Friday, July 10, 2009

The Pastoral Provision comes to Prince Edward Island, Canada

Meet the priest—and his family
Written by Katie Engelhart
Macleans
Thursday, July 9, 2009


A Prince Edward Island man is set to become the province’s first married Catholic priest. Martin Carter, a former Anglican clergyman, will be admitted to the Catholic priesthood in August. Currently, the Roman Catholic Church does not support the ordination of married men. P.E.I. Bishop Vernon Fougere explains that Carter, who is married and has three sons, “had to petition the Holy Father—the Pope—for permission”; the whole process took almost four years. And Fougere stressed that Carter’s case was exceptional: “In the Catholic Church, we do not ordain married men. [This] does not mean that permission will be given tomorrow to every married man to be ordained.”

Still, Timothy Scott, a Catholic priest who is also president of St.
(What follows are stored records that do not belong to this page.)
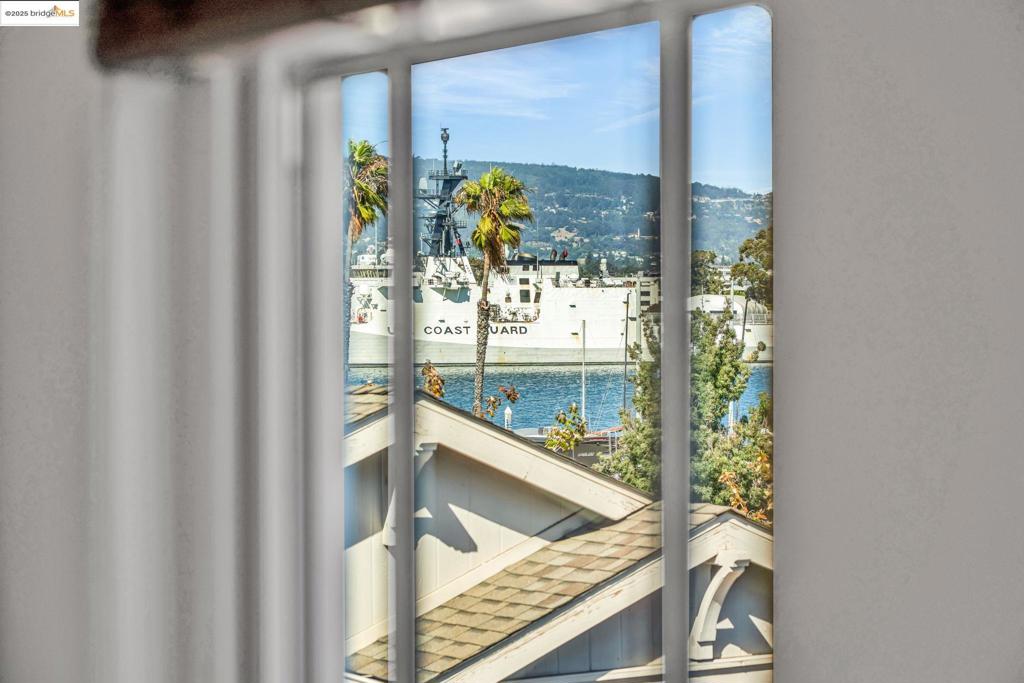 https://media.crmls.org/mediaz/892a70e0-1d9f-43bd-b948-4ac312f525df.jpg?preset=X-Large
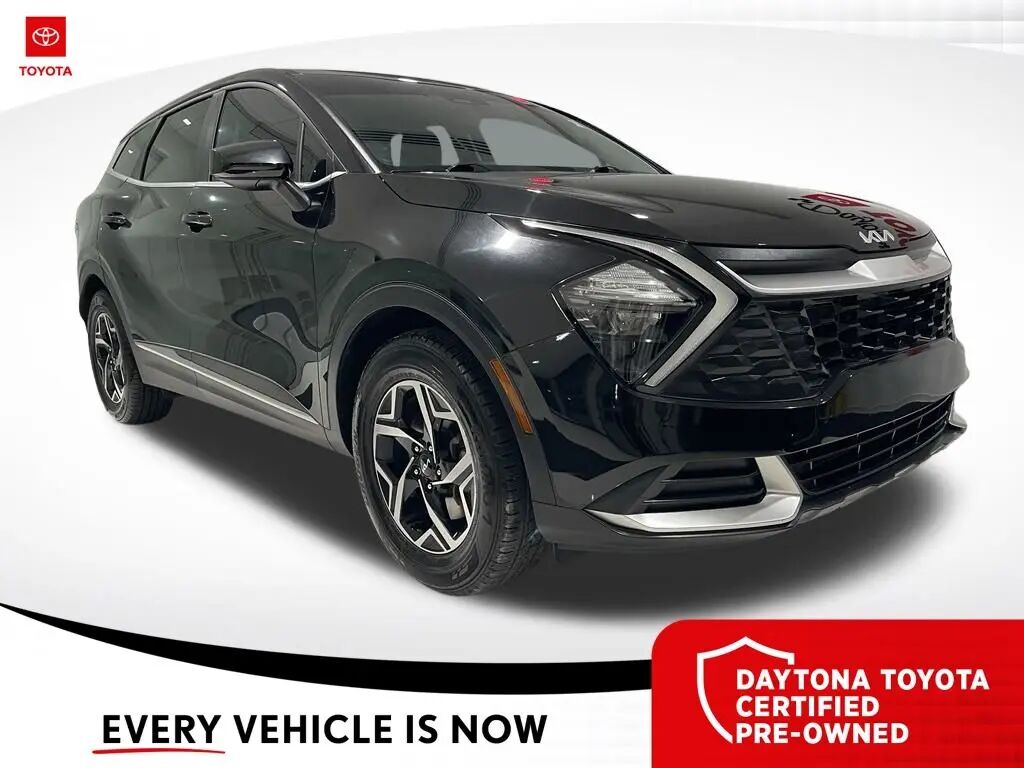 2023 Kia Sportage LX — photo 1 of 13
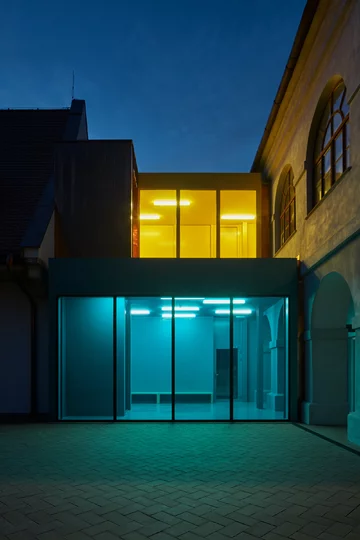 Podstawówka w dawnej plebanii, projekt Public Atelier oraz FUUZE Linka, szkoła, plebania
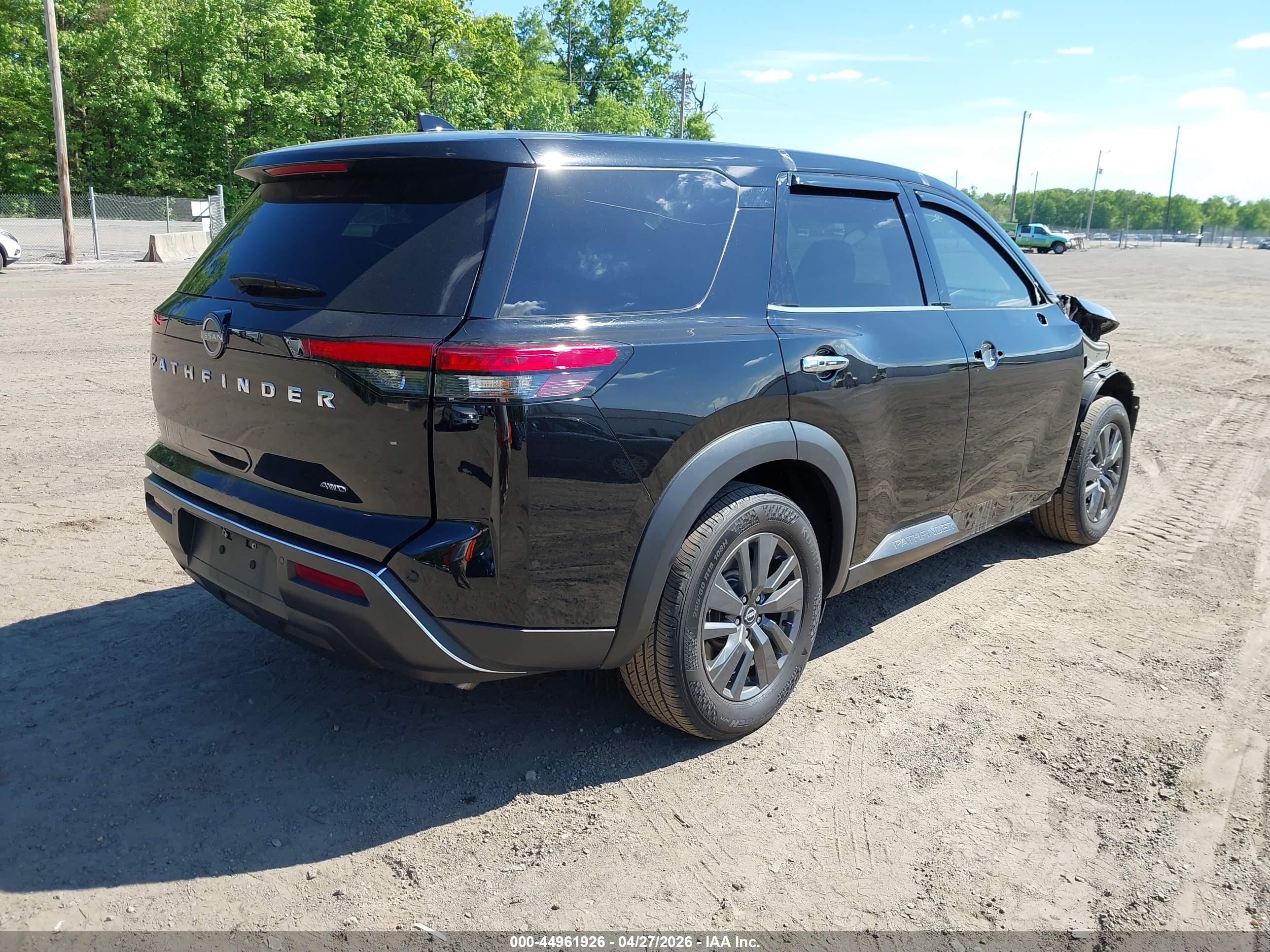 NISSAN PATHFINDER image 4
Joseph’s College in Edmonton, says that the ordination of married men has been happening for 15 or 20 years—but “quietly.” And, Scott says, there’s a catch. The exception to the Church’s rule of celibacy for priests is only made for men who were priests or ministers in other Christian denominations—Anglican or Lutheran, for example—and then converted to Catholicism. A man who is born Catholic and later marries can never become a priest. “It’s a bit confusing,” he concedes. And every case needs the approval of the Vatican.

Scott says the conversion of Anglican priests to Catholicism is part of a broader trend among conservative Anglicans frustrated with their church’s more liberal practices. In particular, he says, many Anglicans disapprove of ordaining women and performing blessing services for homosexual couples, and so might be drawn to the more orthodox Roman Catholic Church. So what do the the members of Charlottetown’s St. Pius X parish think of their recently converted priest? “I have not done a survey, but the people I have spoken to in the shopping malls are elated that this can happen in the Catholic Church,” claims Bishop Fougere. “A lot of people see the Church as being very rigid, but that is not always the case.”